- Opening Delimiter -
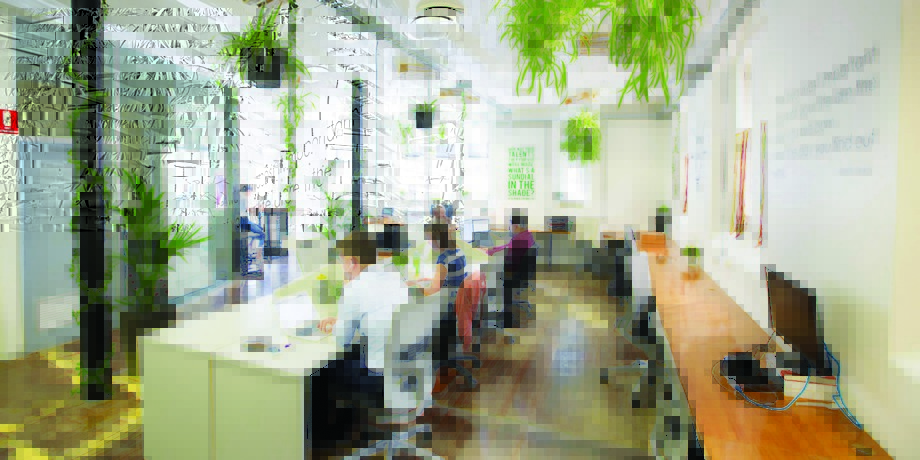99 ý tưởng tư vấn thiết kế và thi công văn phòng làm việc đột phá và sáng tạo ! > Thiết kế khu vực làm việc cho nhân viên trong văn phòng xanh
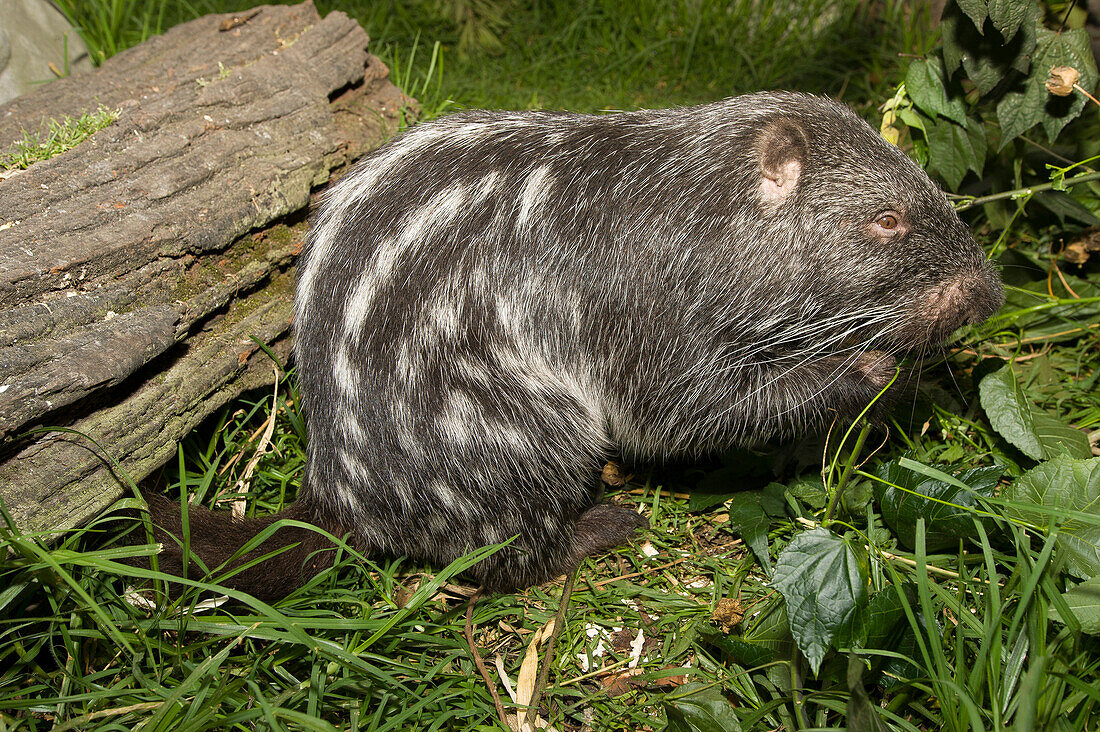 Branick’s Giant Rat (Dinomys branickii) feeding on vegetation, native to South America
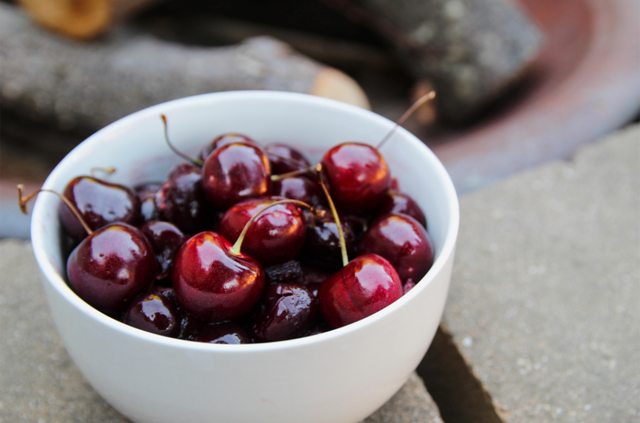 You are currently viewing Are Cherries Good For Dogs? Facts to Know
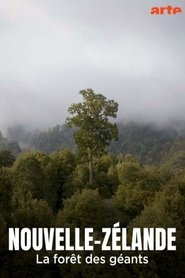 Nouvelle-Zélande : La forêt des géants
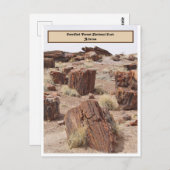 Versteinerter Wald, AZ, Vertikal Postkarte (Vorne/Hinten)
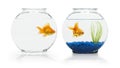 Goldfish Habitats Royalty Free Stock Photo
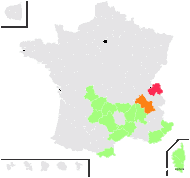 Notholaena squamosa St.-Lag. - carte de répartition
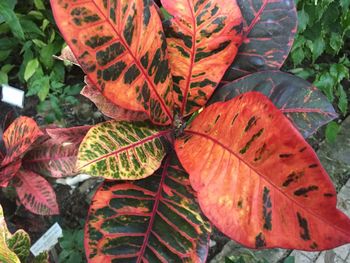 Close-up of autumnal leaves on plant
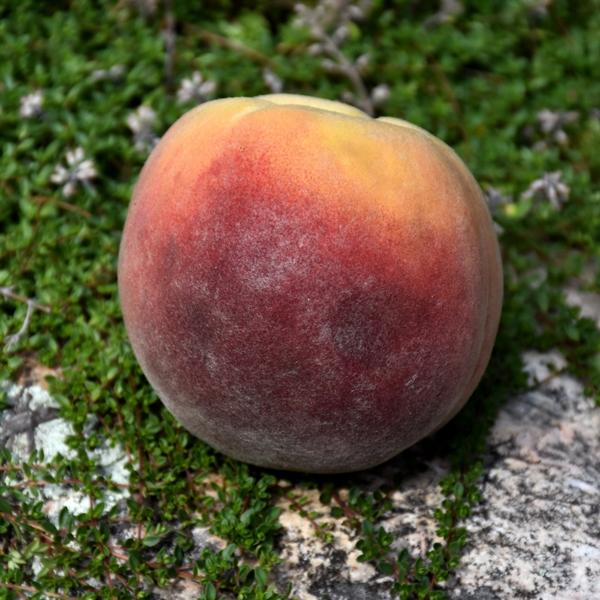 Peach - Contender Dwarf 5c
- Closing Delimiter -
- Opening Delimiter -
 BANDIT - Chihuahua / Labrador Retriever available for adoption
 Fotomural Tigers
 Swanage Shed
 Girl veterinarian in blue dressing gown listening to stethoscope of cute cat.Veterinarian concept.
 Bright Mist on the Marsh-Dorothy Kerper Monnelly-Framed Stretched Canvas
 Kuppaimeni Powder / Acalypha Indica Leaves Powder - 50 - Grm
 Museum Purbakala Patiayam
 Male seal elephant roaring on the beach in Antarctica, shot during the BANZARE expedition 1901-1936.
- Closing Delimiter -
EXERCISE BRIEF »
Write out exactly the lines above between the one with "99 ý tưởng tư" and the one with "Notholaena squamosa St.-Lag.", inclusive, with pictures left out.

SOLUTION FOR THIS TASK »
99 ý tưởng tư vấn thiết kế và thi công văn phòng làm việc đột phá và sáng tạo ! > Thiết kế khu vực làm việc cho nhân viên trong văn phòng xanh
 Branick’s Giant Rat (Dinomys branickii) feeding on vegetation, native to South America
 You are currently viewing Are Cherries Good For Dogs? Facts to Know
 Nouvelle-Zélande : La forêt des géants
 Versteinerter Wald, AZ, Vertikal Postkarte (Vorne/Hinten)
 Goldfish Habitats Royalty Free Stock Photo
 Notholaena squamosa St.-Lag. - carte de répartition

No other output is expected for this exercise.